- _EXERCISE DETAILS_
Write out, as an exact transcription, the line that has "Cover von Angst vor der Flüchtlingswelle" and each line after it through the end of the data below.

- _SOURCE DATA_
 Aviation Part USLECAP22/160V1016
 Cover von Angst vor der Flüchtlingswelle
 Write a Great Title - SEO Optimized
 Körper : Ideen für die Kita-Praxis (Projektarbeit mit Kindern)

- _SOLUTION_
 Cover von Angst vor der Flüchtlingswelle
 Write a Great Title - SEO Optimized
 Körper : Ideen für die Kita-Praxis (Projektarbeit mit Kindern)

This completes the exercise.